Sunday, May 4, 2008
2-58

Microbial and genetic analysis of a microbial community actively decaying poplar biomass

Daniel Van der Lelie1, Safiyh Taghavi1, Shi-You Ding2, and Michael E. Himmel2. (1) Biology, Brookhaven National Laboratory, 50, Bell Avenue, Upton, NY 11973, (2) Chemical and Biosciences Center, National Renewable Energy Laboratory, 1617 Cole Blvd., Golden, CO 80401

As primary decomposers, microbial communities have evolved as competitors and collaborators in deconstructing biomass. To understand and exploit these complex microbial communities and their dynamics for the conversion of recalcitrant plant biomass to useful bioenergy feedstocks, a highly integrated research initiative is required. A prerequisite is to have insight into the composition and metabolic potential of this lignocellulosic biomass degrading community. To achieve this goal several complementary strategies are used to study the microbial community actively decaying poplar woodchips:

Analysis of total community composition: After the isolation of metagenome DNA, 16S rRNA genes were PCR amplified, shotgun cloned and sequenced. In total, 238 clones were sequenced and identified to their closest matching species. The distribution of the species showed that members of the order Clostridiales, many of which are closely related to uncultivatable bacteria, comprise 85% of this community. The presence of the majority of members of this order in the community is expected because of the mesophylic, anaerobic conditions characteristic for the sample.

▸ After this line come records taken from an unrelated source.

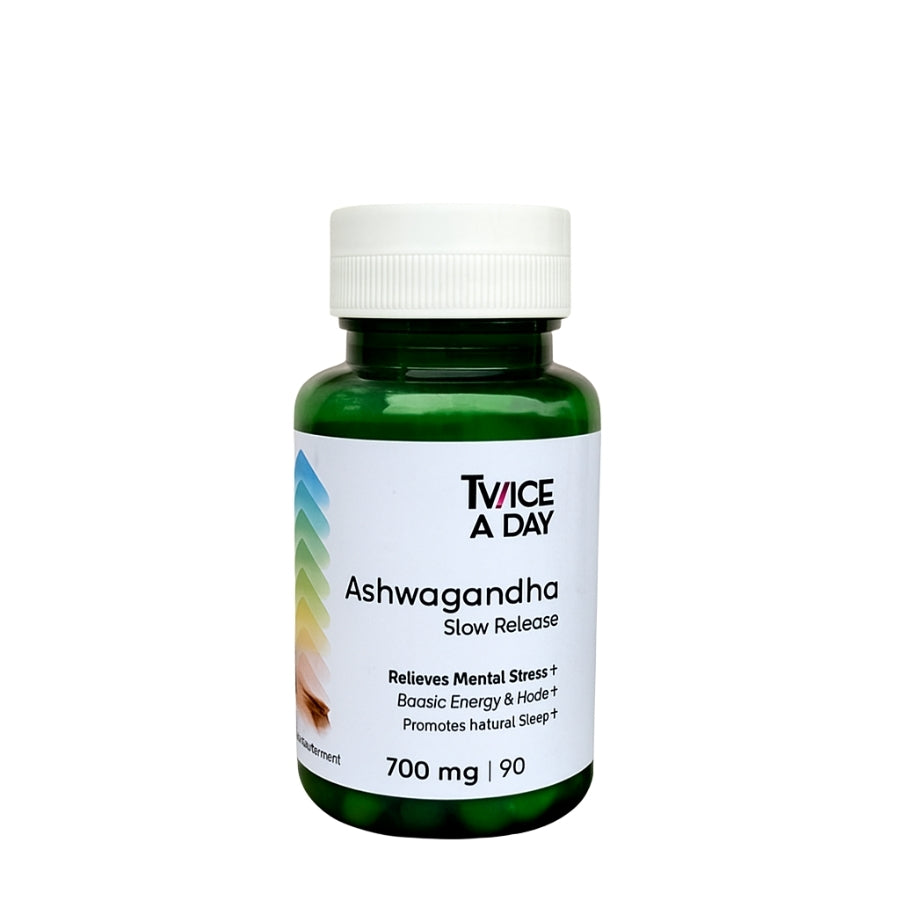 Ashwagandha SR  700 mg Root Extract, 8 % Withanaloides (>KSM 66)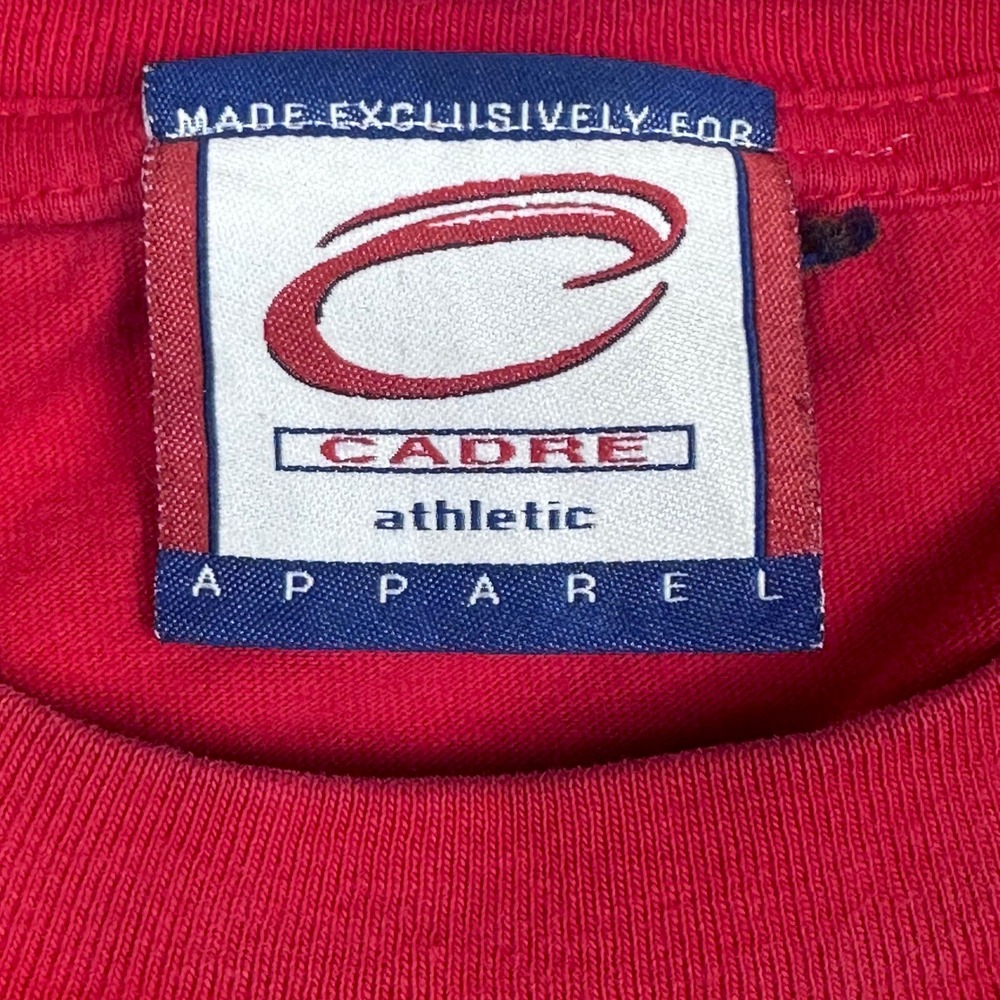 Cadre Athletic Nebraska Huskers Tank Top Mens 2XL Red Muscle Tee Graphic Cotton - Picture 2 of 8
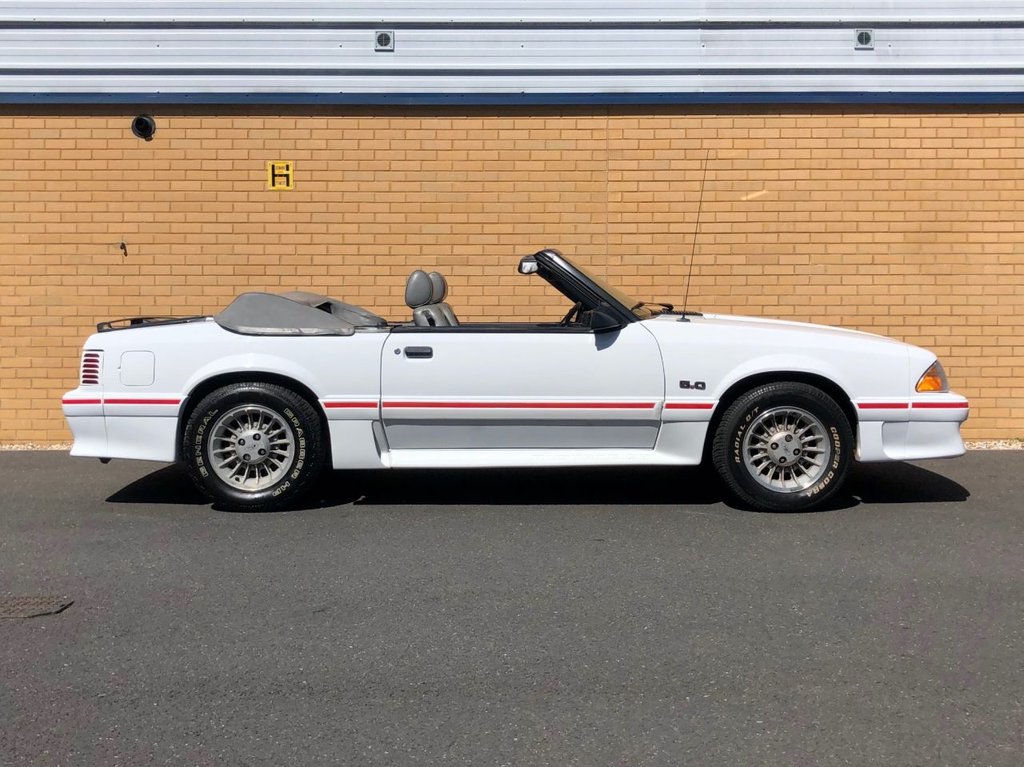 USED 1987 B FORD MUSTANG GT // 5.0L // Convertible // Px swap 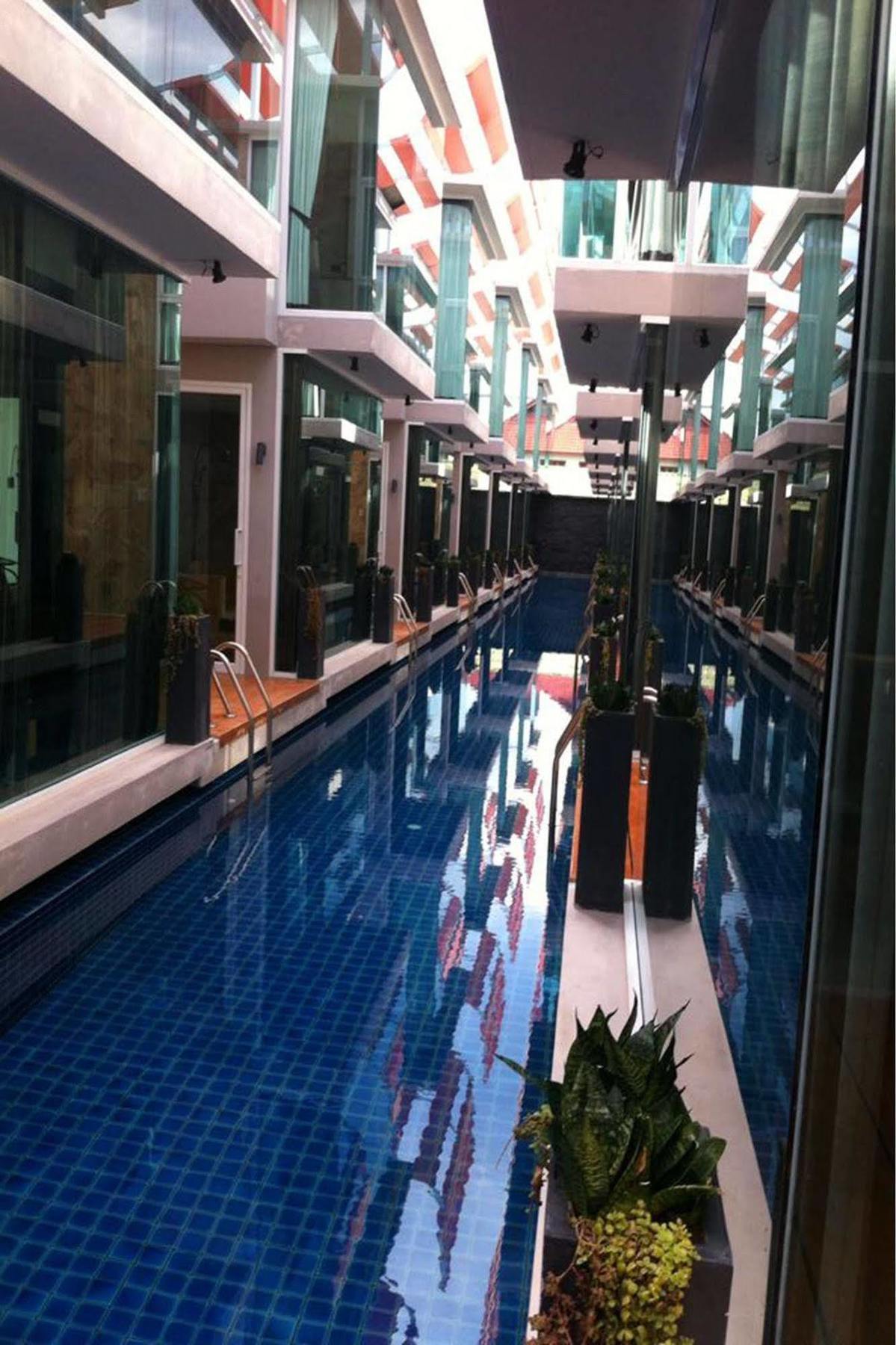 Hotel P10 Samui à Bang Rak Beach  Extérieur photo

Isolation and characterization of cultivable microorganisms: the high number of uncultivable microorganisms in this consortium was confirmed by cultivation studies. None of the cultivable bacteria represented the dominant members of the community as determined via 16S RDNA sequencing. Isolated strains are presently screened for their glycosylhydrolase activity.

Metagenome sequencing: in order to obtain a thorough understanding of the diversity, structure, functional interdependence, and metabolic capabilities of this community. This approach should provide unprecedented insights in the diversity of glycosylhydrolases present in plant biomass decomposing microbial communities.